• Dataset extract:
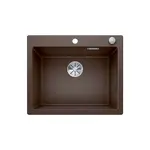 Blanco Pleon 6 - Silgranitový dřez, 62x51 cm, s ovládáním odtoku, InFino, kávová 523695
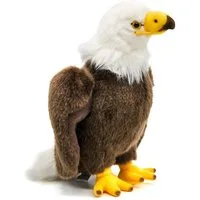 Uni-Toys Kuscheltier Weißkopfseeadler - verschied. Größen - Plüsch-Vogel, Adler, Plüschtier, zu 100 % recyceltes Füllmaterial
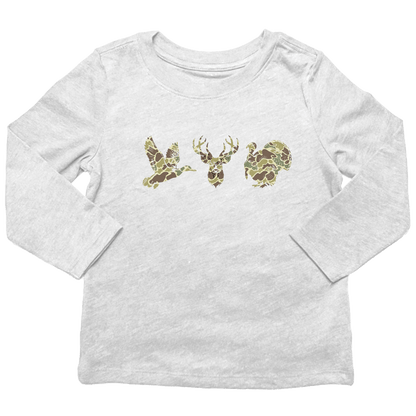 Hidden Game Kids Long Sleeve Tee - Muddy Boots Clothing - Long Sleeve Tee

• What the exercise asks:
Extract all the data above exactly, excluding every picture.

• Task answer:
 Blanco Pleon 6 - Silgranitový dřez, 62x51 cm, s ovládáním odtoku, InFino, kávová 523695
 Uni-Toys Kuscheltier Weißkopfseeadler - verschied. Größen - Plüsch-Vogel, Adler, Plüschtier, zu 100 % recyceltes Füllmaterial
 Hidden Game Kids Long Sleeve Tee - Muddy Boots Clothing - Long Sleeve Tee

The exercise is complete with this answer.